Right now, FES owns two nuclear power plants in northern Ohio, the Davis-Besse plant and the Perry plant.
According to the people in the firm running the bankruptcy restructuring, neither plant is profitable.
No matter how efficient they make the plants, and they say the plants are already in the top tier of efficiency for nuclear plants in the country, they can’t make a buck.
If the plants were somehow made to be profitable, through a bailout subsidy by the state legislature, the owners of the debt attached to the plants would trade it in for equity shares in the power plants.
If the legislature doesn’t prop up the plants with a bailout, the investors are ready to shut the plant down and walk away.
That would mean around 2,700 people would lose their job, and the plants would stop operating forever.
The effort at the Statehouse is taking a multiprong approach to getting the bailout bill passed.
Some are using the loss of jobs as a pressure point, laying into what this would do to the community and those families as if people haven’t lost their jobs before and plants haven’t closed as they have in Lordstown, for instance.
Another tactic some are taking to apply pressure is to talk about how losing the nuclear power plants would make our air in Ohio dirtier because coal and natural gas plants would have to pick up the slack in their place. Nuclear plants provide 14% of the regional power.
Then there is the other part of the bill that some have sought to push, claiming it will save you the ratepayer money on your electric bill. They say this particular part of the bill is necessary to pay for the bailout.
It would eliminate the renewable energy and energy efficiency standards fee on our bills, which is around $4.85 or so. It would be replaced with a lower fee.
What they don’t tell you is that there is a provision that allows for that $4.85 fee to go right back onto your bill if the money the legislation generates ever runs out, which is not impossible.
So, technically, yes, this saves you money… for now, and maybe in the future, maybe.
And then there is the rush to get all of this done. Lawmakers have been told they have to make a decision by June 30 of this year or the plants are going to shut down.
Here is how that would work.
Nuclear power plants purchase fuel every 18-24 months. It just so happens one of the two plants in question is about to reach that point.
The Davis-Besse plant is scheduled to make a purchase around July 1, 2019, because its fuel will run out in February 2020.
It takes roughly eight months to build custom refueling materials.
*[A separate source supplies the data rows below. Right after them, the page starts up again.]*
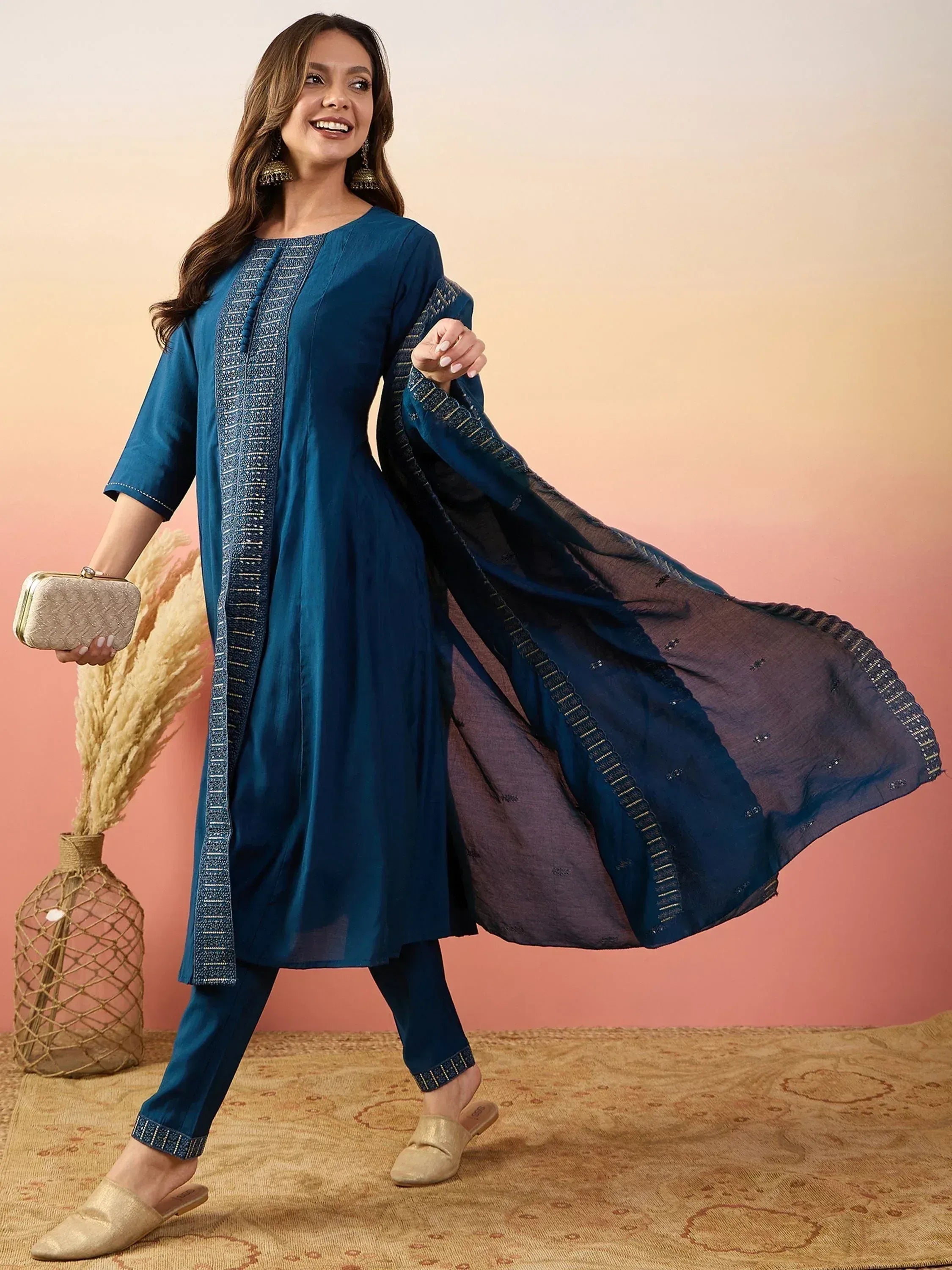 Woman in blue embroidered salwar kameez with matching dupatta, gold clutch, and ethnic jewelry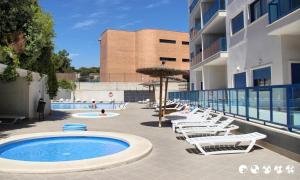 einen Pool mit Stühlen und Sonnenschirmen neben einem Gebäude in der Unterkunft Alicante Hills Beach & Golf in Alicante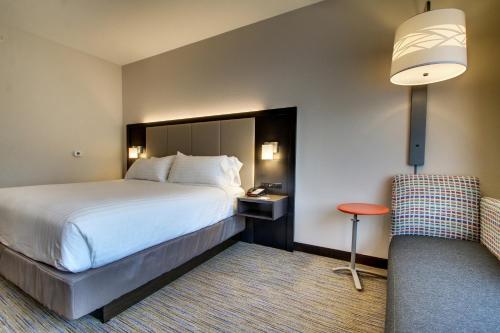 a hotel room with a bed and a chair at Holiday Inn Express & Suites Charleston NE Mt Pleasant US17 by IHG in Charleston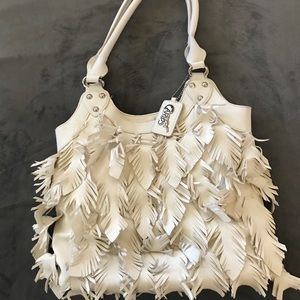 Carlos Santana white purse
These materials are plant specific and cannot be used in any other plant, as they are unique.
The cost to refuel the plant is around $50 million.
The investors in the Davis-Besse plant don’t want to continue to take a loss — since the plant is supposedly a loser, financially — and they don’t want to spend $50 million to run the plant at a loss for an additional 18 months if they don’t have to.
If they don’t get what they want, which is a commitment of at least $150 million in subsidies annually to make the plant profitable, they are simply not going to buy more fuel.
That means the plant will need to immediately begin the process of shutting down permanently.
Once a plant is shut down, by law, it cannot restart.
Davis-Besse would be shut down in 2020 and the Perry plant would follow the following year in 2021.
But the wrinkle is, some have reason to believe the plants themselves may be profitable already.
Now, lawmakers are stuck with a choice to make, and some of them want to make sure the plants really are unprofitable before they start slashing the energy efficiency standards and bailing out nuclear power plants to the tune of $150 million.
The question some are asking themselves is, should the rest of us pay for the bad decisions a company made so that a group of unknown investors can make some money?
The investors care about a return on their investment, not what happens to the employees if they walk away. They are banking on the state, with its duty to protect and care for all Ohioans, to cave to their demands.
When asked if they would be willing to continue to operate the plants and accept the bailout on the condition that an independent third-party verify they need the money first, both now and in future years, they said that would not be something the investors would care to do.
State Senator Rob McColley sits on the committee that is hearing the bill in the Senate right now.
“It’s only right that we ask that we have an independent verification system for the actual need of this, not just today, but in the future out years. So I think there is something that we need to take a look at there, and if they’re not willing to submit to that, I think we need to ask why,” he said.